Last month marked the 30th anniversary of the publication of Neal Stephenson’s science fiction novel Snow Crash. With its dystopian vision, rollicking prose and futuristic renderings of everything from social media networks to virtual assistants and even alternative currencies — Bitcoin wasn’t to launch for another 17 years — the work soon achieved iconic stature in the tech world. Bill Gates, Jeff Bezos and Jack Dorsey were admirers, while Google co-founder Sergey Brin called Snow Crash one of the two books that changed his life. 

In the mainstream world, Time magazine’s critics declared it one of the “100 best English-language novels published since 1923.”

The novel also includes the first known presentation of the “Metaverse” with all its immersive and internet-gaming addictiveness. As Stephenson wrote about his protagonist, Hiro, who lives in a 20-by-30 storage unit:

“Hiro’s not actually here at all. He’s in a computer-generated universe that his computer is drawing onto his goggles and pumping into his earphones. In the lingo, this imaginary place is known as the Metaverse. Hiro spends a lot of time in the Metaverse. It beats the shit out of the U-Stor-It.”
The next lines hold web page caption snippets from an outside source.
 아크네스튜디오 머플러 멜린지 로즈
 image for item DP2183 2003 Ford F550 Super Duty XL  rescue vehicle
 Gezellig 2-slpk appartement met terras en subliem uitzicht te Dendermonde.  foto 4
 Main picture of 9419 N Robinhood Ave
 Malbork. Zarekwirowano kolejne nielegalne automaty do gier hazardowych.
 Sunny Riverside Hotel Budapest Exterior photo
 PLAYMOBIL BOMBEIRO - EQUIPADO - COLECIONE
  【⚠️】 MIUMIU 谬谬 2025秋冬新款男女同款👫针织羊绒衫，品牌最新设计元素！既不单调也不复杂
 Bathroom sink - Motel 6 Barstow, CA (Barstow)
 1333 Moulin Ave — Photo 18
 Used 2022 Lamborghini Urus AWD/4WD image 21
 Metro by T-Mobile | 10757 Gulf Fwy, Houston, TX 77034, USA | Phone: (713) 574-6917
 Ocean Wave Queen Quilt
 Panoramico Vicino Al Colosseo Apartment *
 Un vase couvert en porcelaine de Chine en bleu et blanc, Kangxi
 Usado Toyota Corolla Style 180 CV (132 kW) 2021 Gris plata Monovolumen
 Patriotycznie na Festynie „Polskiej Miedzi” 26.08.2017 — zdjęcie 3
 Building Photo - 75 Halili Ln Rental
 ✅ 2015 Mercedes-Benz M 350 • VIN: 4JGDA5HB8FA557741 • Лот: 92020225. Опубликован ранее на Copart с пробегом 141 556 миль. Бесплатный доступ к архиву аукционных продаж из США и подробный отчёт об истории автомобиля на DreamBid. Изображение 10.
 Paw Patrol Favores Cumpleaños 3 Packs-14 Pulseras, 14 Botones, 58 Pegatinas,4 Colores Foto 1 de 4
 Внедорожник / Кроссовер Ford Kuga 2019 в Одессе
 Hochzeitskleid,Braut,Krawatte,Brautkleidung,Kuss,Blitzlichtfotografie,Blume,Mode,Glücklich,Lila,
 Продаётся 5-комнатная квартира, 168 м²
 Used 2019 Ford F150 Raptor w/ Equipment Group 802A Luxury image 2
Recently, Stephenson brought his creative talents to the blockchain world, teaming up with venture capitalist and Bitcoin Foundation co-founder Peter Vessenes in a project to build a new “metaverse first,” layer-1 blockchain network. Last week, Stephenson and Vessenes sat down with Cointelegraph to talk about their project, Lamina1 — lamina means “layer” in Latin — as well as the Metaverse and blockchain worlds generally.

Cointelegraph: Peter, you’ve said that you envision Lamina1 as a sort of “base layer for the Open Metaverse: a place to build something a bit closer to Neal’s vision — one that privileges creators.” You also talk about employing “creator economics” in building your new blockchain network. What do you mean by that?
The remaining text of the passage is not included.